Using perf for CPU Profiling
perf is the go-to for CPU-bound analysis:
# Record for 30 seconds with call-graph info
perf record -g -p $(pidof myapp) -- sleep 30
# Generate a flame graph
perf script | stackcollapse-perf.pl | flamegraph.pl > flame.svg
Memory Profiling with Valgrind
For memory leak detection in staging environments:
#include <memory>
#include <vector>
class ConnectionPool {
public:
void addConnection() {
// Use unique_ptr to prevent leaks
connections_.push_back(
std::make_unique<Connection>(config_)
);
}
size_t activeCount() const {
return connections_.size();
}
private:
Config config_;
std::vector<std::unique_ptr<Connection>> connections_;
};
Custom Instrumentation
For production, build lightweight instrumentation directly into your code:
class ScopedTimer {
public:
explicit ScopedTimer(const std::string& name)

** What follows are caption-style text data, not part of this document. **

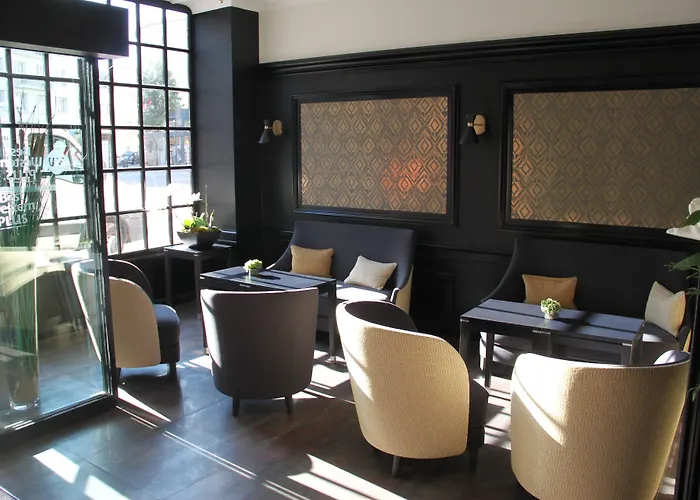 מלון Western Le Moderne קאין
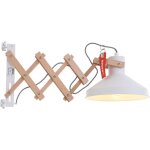 Steinhauer - anne lighting - applique murale - woody - naturel - bois m�tal -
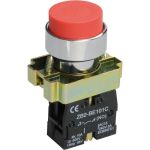 Кнопка управления IEK, LAY5-BL41, без подсветки, 1з, ИЭК, красная BBT70-BL-K05 (артикул 15167270) – фото 1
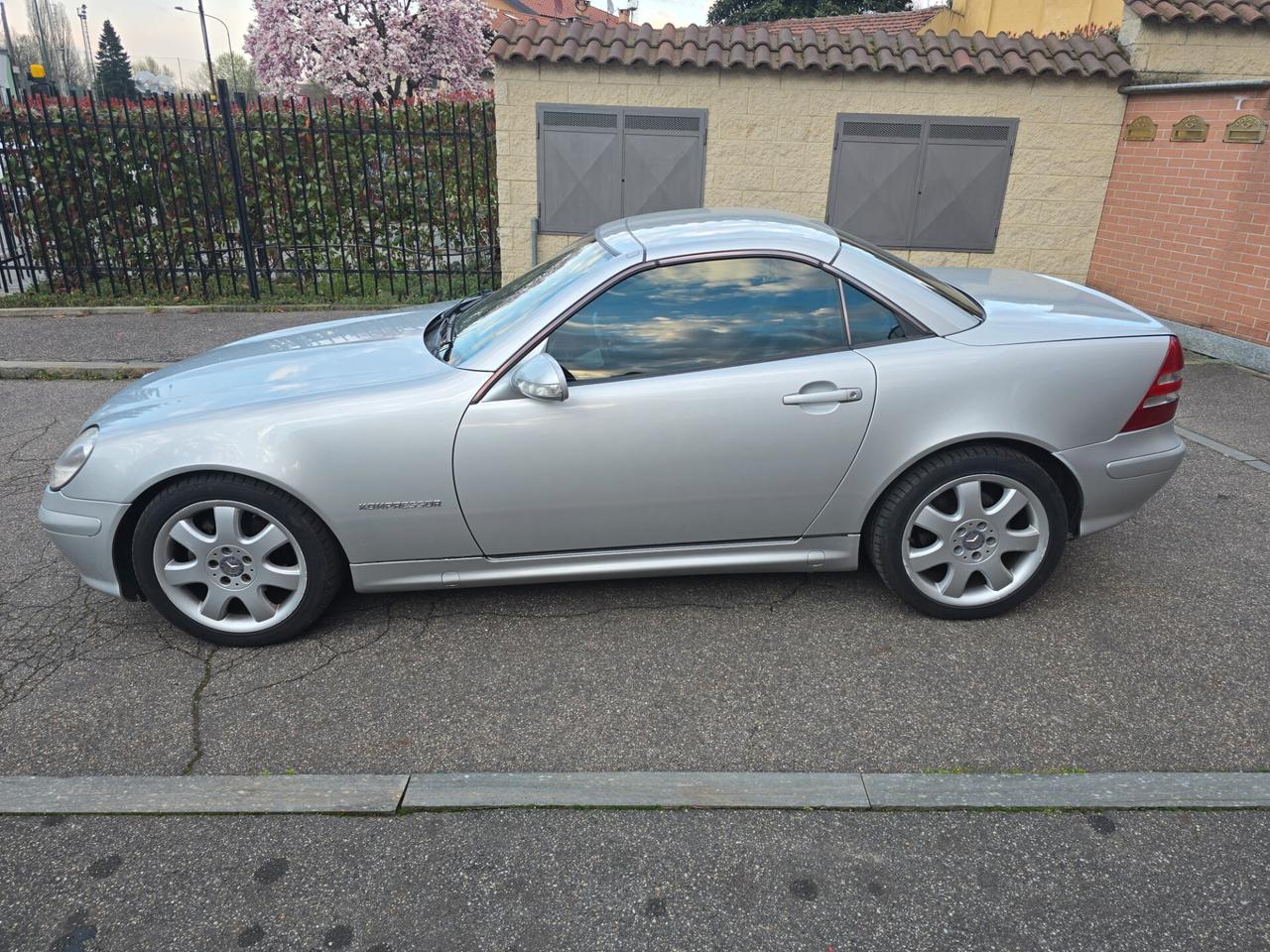 Mercedes-benz SLK 200 cat Kompressor Evo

: name_(name), start_(std::chrono::high_resolution_clock::now()) {}
~ScopedTimer() {
auto end = std::chrono::high_resolution_clock::now();
auto duration = std::chrono::duration_cast<
std::chrono::microseconds>(end - start_);
metrics::record(name_, duration.count());
}
private:
std::string name_;
std::chrono::time_point<std::chrono::high_resolution_clock> start_;
};
// Usage
void processRequest(const Request& req) {
ScopedTimer timer("process_request");
// ... hot path code
}
Key principle: Profile with production traffic patterns, not synthetic benchmarks. Micro-benchmarks lie.